• **Exercise aim**
When writing out the listing below, reproduce every word exactly and skip the pictures.

• **Source material**
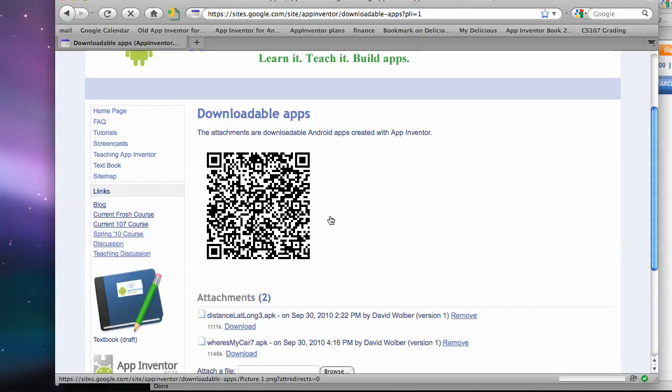Anyway, that's how you can build a barcode that doesn't require any user account on App Inventor for your customers to download your app. Thanks a lot.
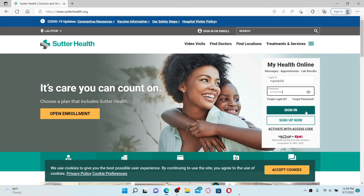Once you are done entering all of the credentials, click the 'Sign In' button and that should help you log into Sutter Health online, quick and easy. Sutter Health is a not-for-profit integrated health delivery system — it operates 24 acute care hospitals and over 200 clinics in northern California.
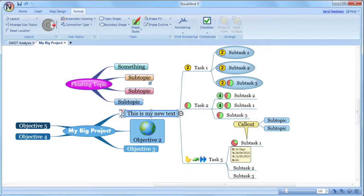The layout system in Novamind is one of the very powerful and unique things about the program. No other mind mapping programs have capabilities even closely resembling what we offer, so I'll just go through it in a bit of detail so that you can get the most out of it.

• **Task answer**
Anyway, that's how you can build a barcode that doesn't require any user account on App Inventor for your customers to download your app. Thanks a lot.
Once you are done entering all of the credentials, click the 'Sign In' button and that should help you log into Sutter Health online, quick and easy. Sutter Health is a not-for-profit integrated health delivery system — it operates 24 acute care hospitals and over 200 clinics in northern California.
The layout system in Novamind is one of the very powerful and unique things about the program. No other mind mapping programs have capabilities even closely resembling what we offer, so I'll just go through it in a bit of detail so that you can get the most out of it.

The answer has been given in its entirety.